Seth Davis, who hosts a podcast for Bleacher Report, revisited Self’s quote last week.

“I don’t regret that statement at all. That’s 100% accurate,” Self said of relating he was looking ahead to 2024-25 while 2023-24 was still in session.

“If it wasn’t accurate, why would people be making recruiting calls during the NCAA Tournament? I mean, those are things you’ve got to have a strategy. I’m not saying ours is the best, but of course we talk about that. Last year was probably tougher for me because what I learned is getting guys to be their very best at playing to a ceiling, and getting guys all to buy in, is obviously the fun thing about taking a team from September through March.

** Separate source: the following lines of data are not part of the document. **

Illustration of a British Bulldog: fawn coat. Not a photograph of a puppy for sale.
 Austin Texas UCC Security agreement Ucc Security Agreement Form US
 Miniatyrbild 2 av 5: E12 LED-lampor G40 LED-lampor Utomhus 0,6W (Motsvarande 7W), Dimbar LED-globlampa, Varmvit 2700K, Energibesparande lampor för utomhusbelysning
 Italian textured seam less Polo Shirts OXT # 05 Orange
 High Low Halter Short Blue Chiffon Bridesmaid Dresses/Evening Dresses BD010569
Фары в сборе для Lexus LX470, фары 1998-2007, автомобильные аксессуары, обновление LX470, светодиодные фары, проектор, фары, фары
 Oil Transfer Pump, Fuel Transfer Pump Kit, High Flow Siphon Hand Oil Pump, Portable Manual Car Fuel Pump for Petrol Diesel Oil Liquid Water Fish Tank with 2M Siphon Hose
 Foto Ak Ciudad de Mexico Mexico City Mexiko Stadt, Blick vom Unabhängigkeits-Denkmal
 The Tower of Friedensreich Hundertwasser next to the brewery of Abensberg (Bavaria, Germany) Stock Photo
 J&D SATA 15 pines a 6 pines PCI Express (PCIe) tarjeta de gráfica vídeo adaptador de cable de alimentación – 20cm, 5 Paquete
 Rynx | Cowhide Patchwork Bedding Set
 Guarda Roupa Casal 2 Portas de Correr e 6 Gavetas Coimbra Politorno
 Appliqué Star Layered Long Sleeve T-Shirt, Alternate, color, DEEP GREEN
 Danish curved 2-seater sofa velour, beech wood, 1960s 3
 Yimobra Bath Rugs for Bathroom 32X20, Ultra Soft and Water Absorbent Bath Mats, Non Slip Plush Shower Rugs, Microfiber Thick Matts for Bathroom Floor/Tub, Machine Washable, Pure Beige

“Nobody knows what a team’s ceiling is more than their head coach and their staff. How the fans view it and how the media views it, based on recruiting rankings and stuff like that, doesn’t really matter as much as how do the pieces fit and how are you going to do things in certain situations? Last year we put ourselves in a situation that if everything went perfect we could have made a deep run.

“We were coming off the NCAA thing. We took away two scholarships last year (in response to losing three over a three-year period; KU must be one under the limit in 2025-26 to complete the self-imposed sanction), had an off the court incident (in losing Arterio Morris in the preseason). We had a first-team All-American (Kevin McCullar) get hurt and be out for the season, and all of a sudden I learned too much is better than not enough.”

Self pointed out that he and his staff members currently are focusing on this season and 2025-26.

“I’ll put my foot in my mouth again,” he said, “because our talks today, tomorrow, for the next month, are going to be more on 2025-26 than are actually going to be on ‘24-’25,” Self said last week on Davis’ podcast.

The Jayhawks coaches will be on the road a lot in coming weeks, making in-home visits with high school prospects and their families during an open period in recruiting. Also, several high school seniors will be making campus visits to KU.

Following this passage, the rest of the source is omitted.